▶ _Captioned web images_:
*** Block opens ***

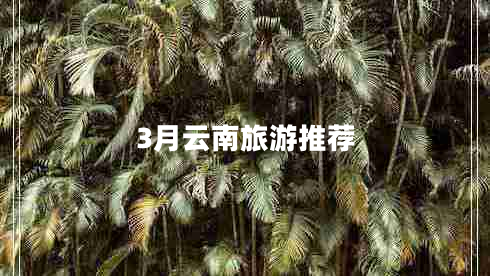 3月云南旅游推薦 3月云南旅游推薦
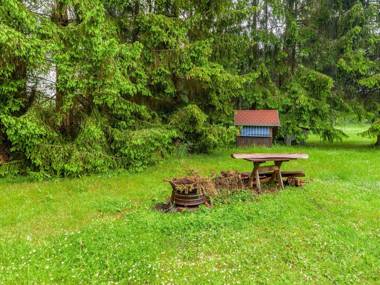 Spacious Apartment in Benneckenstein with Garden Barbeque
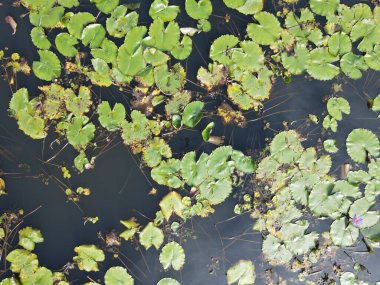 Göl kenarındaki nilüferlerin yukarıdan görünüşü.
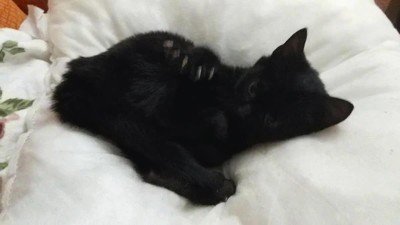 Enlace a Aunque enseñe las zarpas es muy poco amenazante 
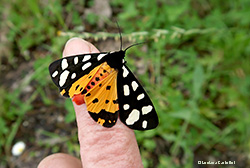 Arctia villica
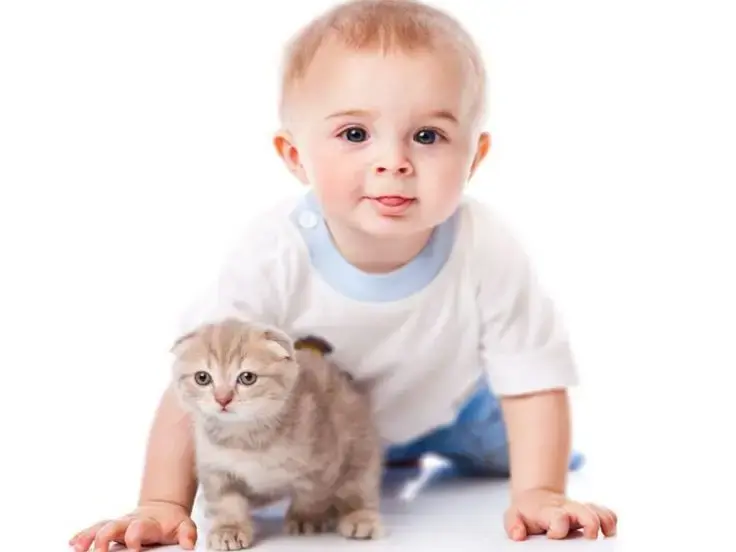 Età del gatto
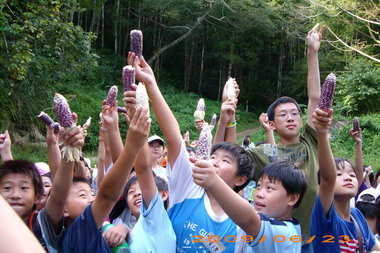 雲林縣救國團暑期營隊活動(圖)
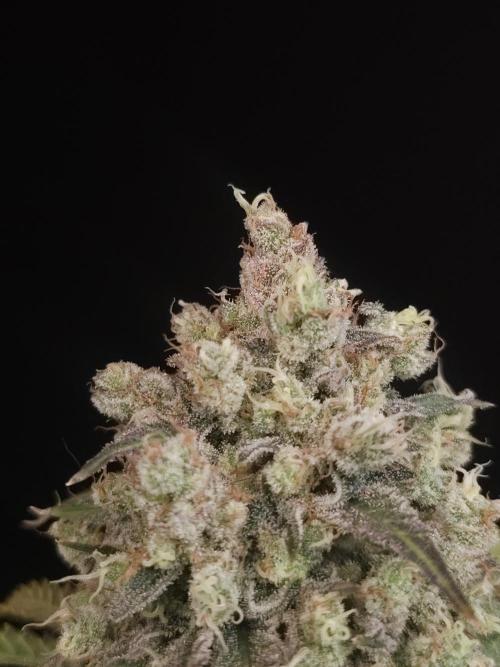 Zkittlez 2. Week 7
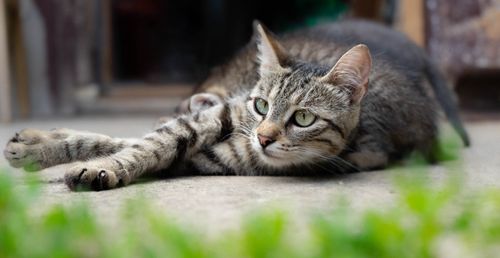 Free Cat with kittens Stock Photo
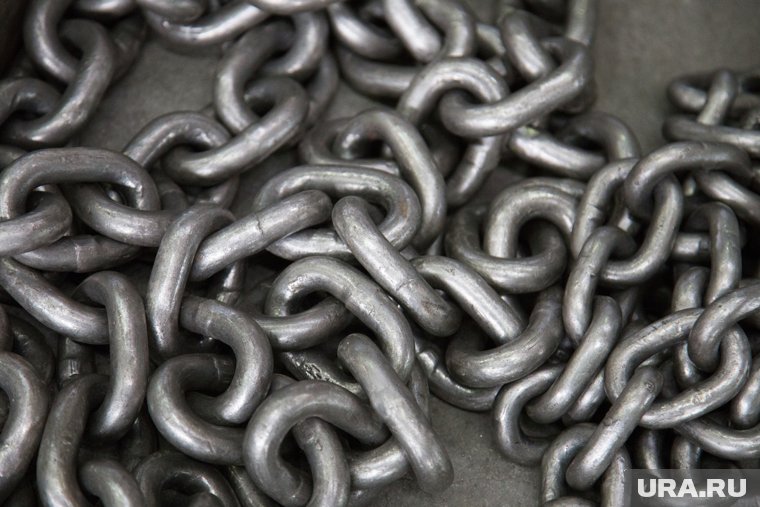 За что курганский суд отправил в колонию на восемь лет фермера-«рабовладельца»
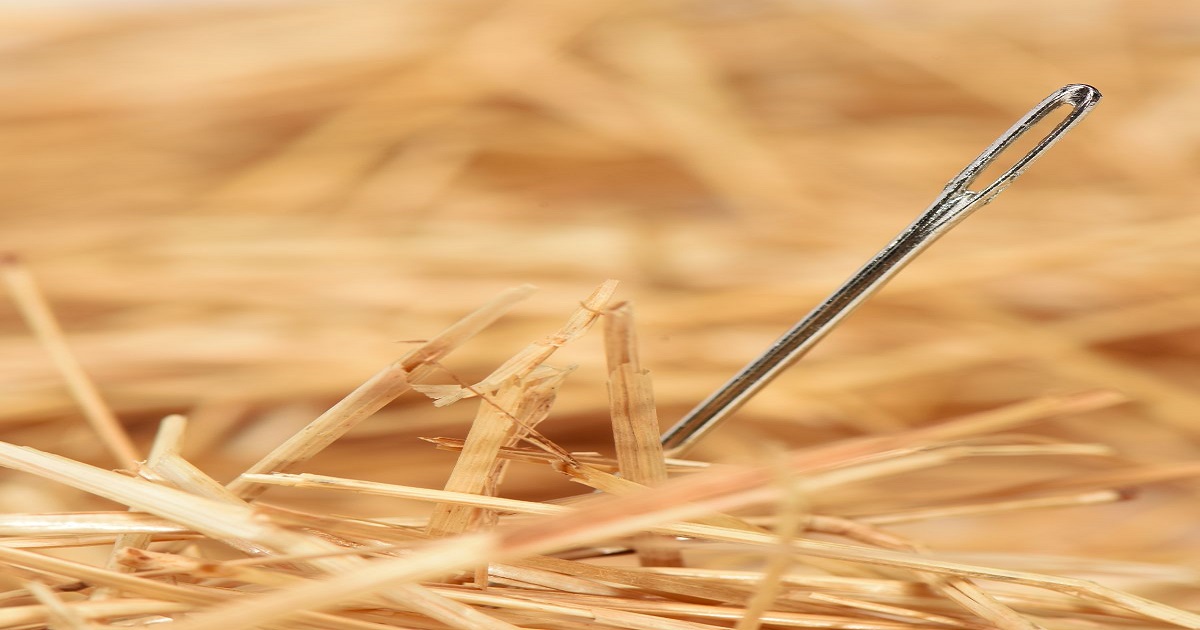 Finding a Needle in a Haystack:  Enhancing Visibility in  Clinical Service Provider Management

*** Block closes ***
*** Block opens ***

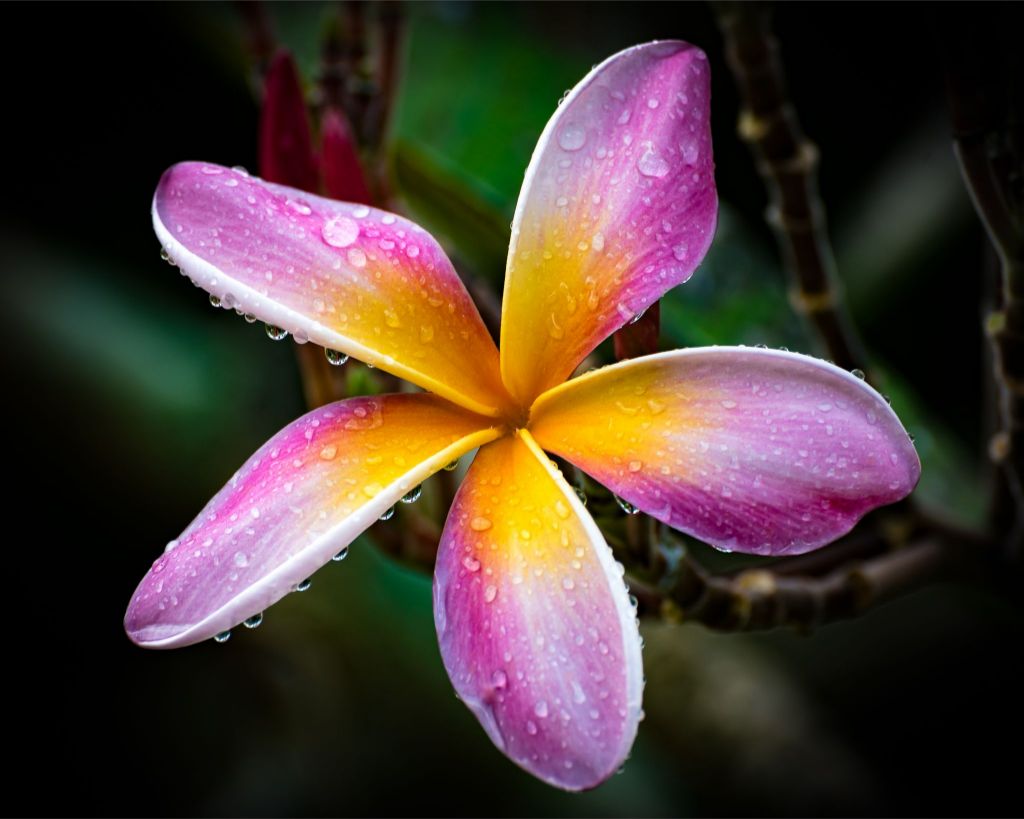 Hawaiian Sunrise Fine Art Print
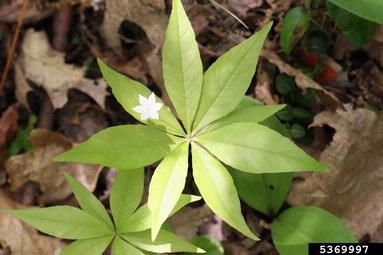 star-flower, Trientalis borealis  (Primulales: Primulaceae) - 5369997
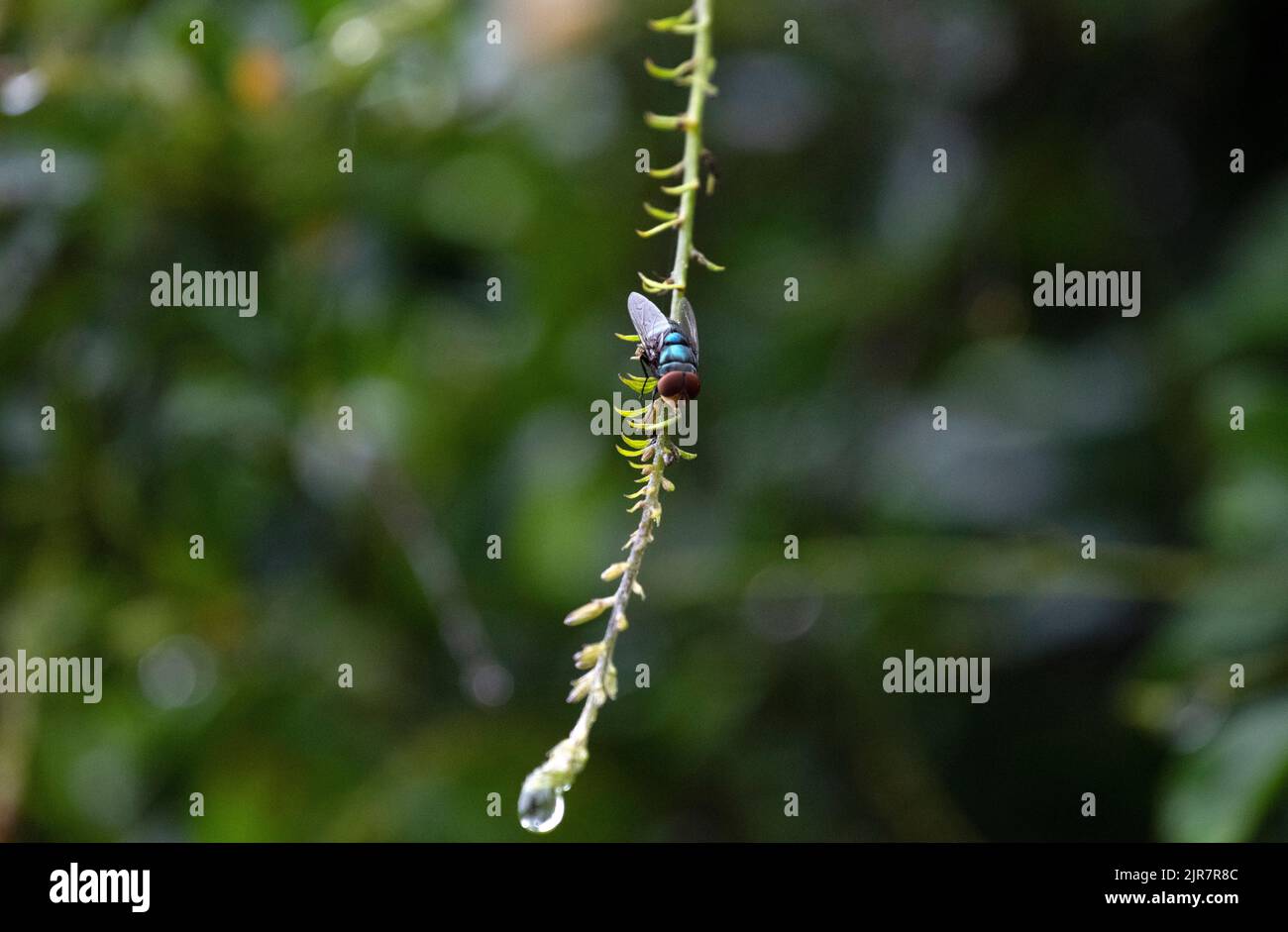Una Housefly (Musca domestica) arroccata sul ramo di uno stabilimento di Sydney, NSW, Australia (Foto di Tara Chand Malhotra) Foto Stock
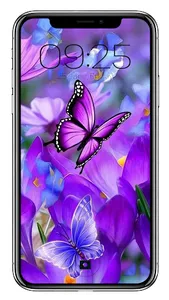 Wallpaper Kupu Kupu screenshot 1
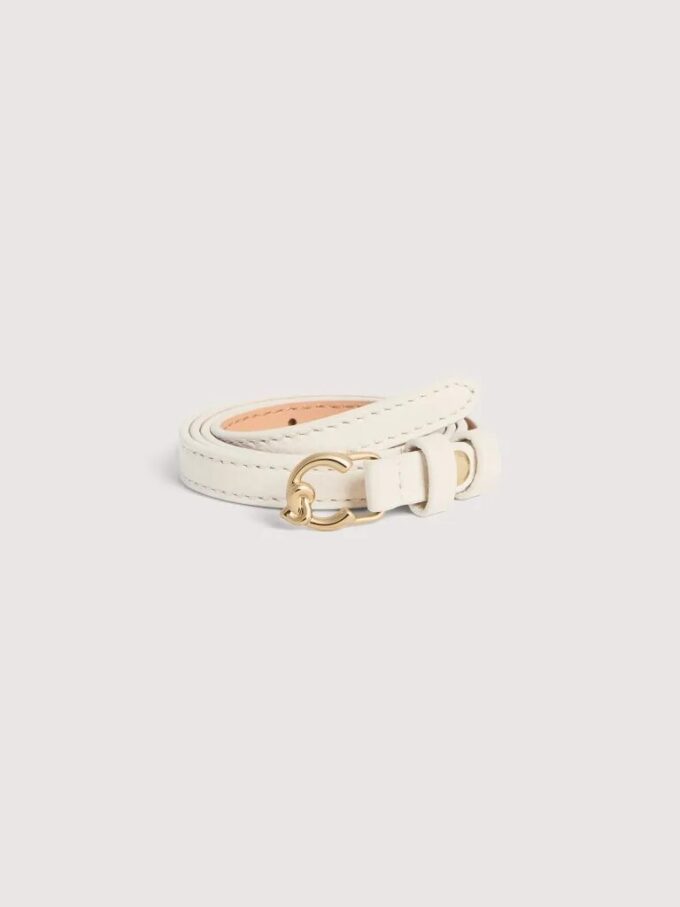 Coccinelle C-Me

*** Block closes ***

▶ _What is needed_:
Your answer should be the lines above, word for word, from the line with "Enlace a Aunque" through the line with "Finding a Needle", minus the pictures.

▶ _Written answer_:
 Enlace a Aunque enseñe las zarpas es muy poco amenazante 
 Arctia villica
 Età del gatto
 雲林縣救國團暑期營隊活動(圖)
 Zkittlez 2. Week 7
 Free Cat with kittens Stock Photo
 За что курганский суд отправил в колонию на восемь лет фермера-«рабовладельца»
 Finding a Needle in a Haystack:  Enhancing Visibility in  Clinical Service Provider Management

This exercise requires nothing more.